No Man’s Land est une longue saga constituée de plusieurs tomes : le volume unique Cataclysme, qui en était l’introduction, puis le récit « principal » de No Man’s Land en six tomes et, enfin, New Gotham en trois volumes. Voir la page récapitulative si besoin.
Afin d’établir des résumés et critiques plus visibles qu’un gros bloc reprenant l’ensemble de l’ouvrage, celles-ci sont divisées par les différentes (petites) histoires qui composent le tome. Le résumé est en italique sous le titre et la critique est précédée d’une petite flèche.

batman-no-mans-land-tome-3

En dessous de tout
scénario : Chuck Dixon | dessin : Staz Johnson
Robin #67

Dans les égouts de Gotham City, un étrange duo — Tommy Mangles et Mécaborg (un homme musclé et une tête humaine sur un corps androïde sans bras ni jambes attaché dans son dos !) — sème la terreur contre les plus démunis s’aventurant dans cette cachette improbable. Robin et Nightwing s’y engouffrent en amont, dans les endroits les plus éloignées de la surface, afin de rejoindre Gotham City. Les deux justiciers ont été rappelés par Batman. Mais une personne proche des rats semble aussi surveiller ces lieux si particuliers…

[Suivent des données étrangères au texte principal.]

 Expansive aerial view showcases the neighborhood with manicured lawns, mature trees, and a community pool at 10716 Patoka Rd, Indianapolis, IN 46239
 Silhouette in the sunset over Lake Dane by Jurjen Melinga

Robin Nightwing No Mans Land

► Une entrée en matière portée sur l’action, on se dit que les « hostilités » vont véritablement commencer dans ce tome. Les précédents présentant davantage la situation sous de multiples points de vue avec quelques affrontements divers. Il est donc temps d’accélérer un petit peu l’ensemble. Malheureusement ici, trois problématiques se succèdent : l’impression d’une jonction manquante (on avait quitté Robin peu avant interdit de séjour à Gotham — la simple explication de « Batman nous a rappelé » est un peu faiblarde), deux voire trois ennemis assez ridicules (grosse peur de retomber dans l’effet Knightfall qui voyait se succéder divers antagonistes risibles ou peu connus), des graphismes réussis dans l’ensemble mais avec une coloration trop vive et des cases parfois ratées (cf. illustration ci-dessous). Nightwing est méconnaissable tant son humour est « méchant » envers Robin, il ne génère aucune empathie. Par contre, l’histoire avance, un peu plus vite, et la fin confirme qu’il y a une suite « directe » (moins de petits chapitres éparses que les volumes précédents).

L’Assemblée
scénario : Greg Rucka | dessin : Mike Deodato Jr.
Batman : Legends of the Dark Knight #120

Une bonne partie des alliés de Batman se rassemble chez Oracle à sa demande : Nightwing, Robin et Azrael rejoignent donc les deux justiciers. La fille de Caïn, quasiment muette (découverte à la fin du volume précédent) est également présente. Après de brèves retrouvailles, le Chevalier Noir et Nightwing rendent visitent à Batgirl et découvrent son identité (Batman la connaissait déjà). Entre-temps Gordon et le Chevalier Noir ont échangé quelques mots (et même un poing !) sans déboucher sur une possible alliance.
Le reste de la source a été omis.